Jenseits aller technischen und kunsttheoretischen Diskurse bliebe freilich die Ebene des Poetischen in den Bildern von Birgit Jensen zu verhandeln. Dabei scheinen sich die mit umfangreicherer Palette gefertigten, früheren Arbeiten (etwa die der LA-Serie oder die der BFA-Serie mit einem Blick auf das nächtliche Berlin) einem Dialog wesentlich einfacher zu öffnen, als die in harschem Schwarz-Weiß-Kontrast komponierten Bilder (z. B. LVK I und ZVA I). Die bekannten oder erinnerten urbanen Raster des nächtlichen Los Angeles in den Bildern von Birgit Jensen, die eine klare, für den Betrachter einfach aufzulösende Struktur, das gridiron pattern, abbilden oder die beleuchteten Straßenfluchten Berlins, die sich problemlos zu einem Sinngefüge „Stadt“ zusammenlesen lassen, mögen als Beispiel für die perfekte, mit einfachsten Mitteln erreichte Illusion von Raumtiefe dienen. Als Negativ eines Nacht-Bildes blockieren die neuen Arbeiten von Birgit Jensen (LVK I und LVK II, beide 2005) geradezu das „klassische“ Evozieren von bekannten Betrachtersituationen. Die Erinnerungen an die Kamerafahrten von Ridley Scott oder Steven Spielberg mögen sich nicht einstellen. Die nächtlichen Streifzüge des Dichters Durs Grünbein durch amerikanische Städte als „Frontalangriff auf das Gedächtnis“ bieten sich wohl eher nicht als poetisch-visuelle Synapsen an.
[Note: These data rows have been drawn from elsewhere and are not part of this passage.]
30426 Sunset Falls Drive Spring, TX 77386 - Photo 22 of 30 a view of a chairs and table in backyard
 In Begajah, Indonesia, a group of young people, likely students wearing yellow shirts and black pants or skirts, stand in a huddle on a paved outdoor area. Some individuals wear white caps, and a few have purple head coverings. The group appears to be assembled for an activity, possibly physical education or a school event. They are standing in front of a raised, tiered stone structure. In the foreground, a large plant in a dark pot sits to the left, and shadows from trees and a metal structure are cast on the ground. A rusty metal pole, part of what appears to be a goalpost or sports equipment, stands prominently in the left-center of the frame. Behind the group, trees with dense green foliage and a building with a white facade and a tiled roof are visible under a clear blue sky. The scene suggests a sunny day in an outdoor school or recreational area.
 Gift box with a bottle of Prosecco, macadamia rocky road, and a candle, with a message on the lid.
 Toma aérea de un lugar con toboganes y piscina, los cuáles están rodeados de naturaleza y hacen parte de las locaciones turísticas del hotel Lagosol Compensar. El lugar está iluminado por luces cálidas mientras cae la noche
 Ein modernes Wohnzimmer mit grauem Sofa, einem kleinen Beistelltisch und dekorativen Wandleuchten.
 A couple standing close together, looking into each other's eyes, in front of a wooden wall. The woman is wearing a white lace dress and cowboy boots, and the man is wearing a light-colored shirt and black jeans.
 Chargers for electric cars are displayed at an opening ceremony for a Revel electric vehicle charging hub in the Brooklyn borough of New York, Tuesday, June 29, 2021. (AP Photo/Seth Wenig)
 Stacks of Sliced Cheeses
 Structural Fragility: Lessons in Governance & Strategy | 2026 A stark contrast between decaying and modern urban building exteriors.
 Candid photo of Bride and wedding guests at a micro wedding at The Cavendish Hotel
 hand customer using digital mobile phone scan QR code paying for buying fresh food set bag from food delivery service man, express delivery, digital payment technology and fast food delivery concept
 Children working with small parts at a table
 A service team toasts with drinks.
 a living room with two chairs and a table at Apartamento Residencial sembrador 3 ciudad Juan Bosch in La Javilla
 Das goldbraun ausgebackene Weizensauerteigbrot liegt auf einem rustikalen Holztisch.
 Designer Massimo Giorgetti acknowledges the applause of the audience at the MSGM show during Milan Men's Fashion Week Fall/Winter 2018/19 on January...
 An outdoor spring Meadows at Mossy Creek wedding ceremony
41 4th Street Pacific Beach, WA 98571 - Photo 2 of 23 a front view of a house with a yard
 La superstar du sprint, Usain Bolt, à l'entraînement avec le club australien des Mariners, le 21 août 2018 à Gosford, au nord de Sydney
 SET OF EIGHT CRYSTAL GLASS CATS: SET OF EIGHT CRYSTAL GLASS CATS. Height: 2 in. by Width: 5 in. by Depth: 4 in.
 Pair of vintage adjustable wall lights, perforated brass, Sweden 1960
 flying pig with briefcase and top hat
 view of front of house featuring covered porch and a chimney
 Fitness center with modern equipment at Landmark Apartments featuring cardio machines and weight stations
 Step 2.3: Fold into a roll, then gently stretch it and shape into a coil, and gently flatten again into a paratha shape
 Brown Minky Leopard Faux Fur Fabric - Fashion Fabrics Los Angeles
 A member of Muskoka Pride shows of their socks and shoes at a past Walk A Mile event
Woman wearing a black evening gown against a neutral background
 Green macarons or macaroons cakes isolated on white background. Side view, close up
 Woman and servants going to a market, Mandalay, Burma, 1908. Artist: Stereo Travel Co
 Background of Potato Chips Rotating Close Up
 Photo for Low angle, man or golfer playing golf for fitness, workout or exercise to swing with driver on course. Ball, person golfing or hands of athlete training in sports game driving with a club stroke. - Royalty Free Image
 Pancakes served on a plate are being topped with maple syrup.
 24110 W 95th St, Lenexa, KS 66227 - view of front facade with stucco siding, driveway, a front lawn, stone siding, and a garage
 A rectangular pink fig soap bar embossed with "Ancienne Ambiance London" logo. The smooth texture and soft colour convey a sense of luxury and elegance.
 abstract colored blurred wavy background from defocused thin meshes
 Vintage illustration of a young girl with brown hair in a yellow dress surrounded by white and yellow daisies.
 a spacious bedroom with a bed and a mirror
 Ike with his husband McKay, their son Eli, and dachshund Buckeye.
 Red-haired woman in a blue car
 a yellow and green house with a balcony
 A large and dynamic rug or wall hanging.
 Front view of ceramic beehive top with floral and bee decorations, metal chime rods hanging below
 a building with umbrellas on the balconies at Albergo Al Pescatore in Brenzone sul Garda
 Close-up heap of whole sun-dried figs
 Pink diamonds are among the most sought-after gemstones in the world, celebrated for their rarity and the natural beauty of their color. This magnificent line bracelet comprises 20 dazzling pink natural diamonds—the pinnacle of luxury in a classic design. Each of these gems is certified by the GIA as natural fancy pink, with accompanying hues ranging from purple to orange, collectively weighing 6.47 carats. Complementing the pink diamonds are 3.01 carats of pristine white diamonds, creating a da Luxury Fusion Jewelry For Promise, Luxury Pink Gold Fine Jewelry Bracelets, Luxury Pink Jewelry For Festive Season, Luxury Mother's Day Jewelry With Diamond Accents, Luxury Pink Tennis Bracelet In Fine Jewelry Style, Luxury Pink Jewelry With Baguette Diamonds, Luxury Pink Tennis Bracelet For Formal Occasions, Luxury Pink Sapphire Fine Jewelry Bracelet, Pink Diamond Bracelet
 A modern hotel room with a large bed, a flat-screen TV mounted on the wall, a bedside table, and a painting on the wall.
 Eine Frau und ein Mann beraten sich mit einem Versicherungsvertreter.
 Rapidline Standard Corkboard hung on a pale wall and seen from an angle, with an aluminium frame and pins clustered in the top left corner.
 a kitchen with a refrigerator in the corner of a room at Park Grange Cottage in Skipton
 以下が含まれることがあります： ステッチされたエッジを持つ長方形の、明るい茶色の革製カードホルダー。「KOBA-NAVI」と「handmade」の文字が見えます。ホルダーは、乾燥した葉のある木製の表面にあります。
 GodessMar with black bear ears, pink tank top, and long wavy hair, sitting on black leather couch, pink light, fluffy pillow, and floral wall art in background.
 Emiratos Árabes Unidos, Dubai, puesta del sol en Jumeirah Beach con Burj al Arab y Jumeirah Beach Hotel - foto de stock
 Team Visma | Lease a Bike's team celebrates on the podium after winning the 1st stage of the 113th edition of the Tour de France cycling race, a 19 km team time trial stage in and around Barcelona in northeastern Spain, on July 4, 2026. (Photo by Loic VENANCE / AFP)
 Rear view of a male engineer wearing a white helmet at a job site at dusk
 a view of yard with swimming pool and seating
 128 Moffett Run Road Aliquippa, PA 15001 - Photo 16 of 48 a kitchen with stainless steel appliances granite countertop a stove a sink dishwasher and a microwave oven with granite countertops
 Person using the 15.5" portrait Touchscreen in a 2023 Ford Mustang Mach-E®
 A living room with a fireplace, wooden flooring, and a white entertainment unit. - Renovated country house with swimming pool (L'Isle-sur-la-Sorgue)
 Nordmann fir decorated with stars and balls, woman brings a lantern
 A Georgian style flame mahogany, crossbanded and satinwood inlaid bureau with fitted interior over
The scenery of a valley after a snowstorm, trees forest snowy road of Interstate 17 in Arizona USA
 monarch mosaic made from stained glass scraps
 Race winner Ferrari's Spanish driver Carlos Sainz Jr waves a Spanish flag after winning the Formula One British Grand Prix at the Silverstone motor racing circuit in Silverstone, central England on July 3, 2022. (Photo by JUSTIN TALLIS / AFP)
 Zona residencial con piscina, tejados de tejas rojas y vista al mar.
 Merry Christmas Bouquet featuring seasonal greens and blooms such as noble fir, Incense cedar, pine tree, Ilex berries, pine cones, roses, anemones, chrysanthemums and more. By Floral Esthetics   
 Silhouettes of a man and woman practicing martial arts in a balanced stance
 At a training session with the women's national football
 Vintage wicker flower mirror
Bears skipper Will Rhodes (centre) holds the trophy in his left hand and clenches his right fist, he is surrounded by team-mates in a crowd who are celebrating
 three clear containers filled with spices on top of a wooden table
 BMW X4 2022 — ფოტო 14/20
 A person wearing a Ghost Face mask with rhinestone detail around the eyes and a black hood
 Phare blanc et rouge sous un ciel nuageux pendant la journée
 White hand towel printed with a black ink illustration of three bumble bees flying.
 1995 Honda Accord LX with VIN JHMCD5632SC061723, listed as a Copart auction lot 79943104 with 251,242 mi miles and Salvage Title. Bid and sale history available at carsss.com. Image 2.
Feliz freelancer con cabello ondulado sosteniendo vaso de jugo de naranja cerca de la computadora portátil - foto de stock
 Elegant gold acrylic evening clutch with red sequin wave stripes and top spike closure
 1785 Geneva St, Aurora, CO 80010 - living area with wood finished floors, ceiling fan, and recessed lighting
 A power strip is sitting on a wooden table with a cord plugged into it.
Der Umkehrfilm-Effekt hat den Betrachter scheinbar nicht nur aller optisch-logischen Gewissheiten beraubt, sondern verhindert zudem noch den Zugang zu einer visuellen Datenbank, die gespeist aus einem Bildreservoir dem Betrachter zumeist nur bereits Bekanntes und Verstandenes reproduziert und uns gleichzeitig über die mediale Vermittlung nicht nur der Idee des Städtischen nachdenken lässt. Sehen wir, was wir sehen?
(1) Alexander Kluge, Der Angriff der Gegenwart auf die übrige Zeit,
Drehbuch, Frankfurt am Main (1987).
(2) Italo Calvino, Die unsichtbaren Städte, München (1977)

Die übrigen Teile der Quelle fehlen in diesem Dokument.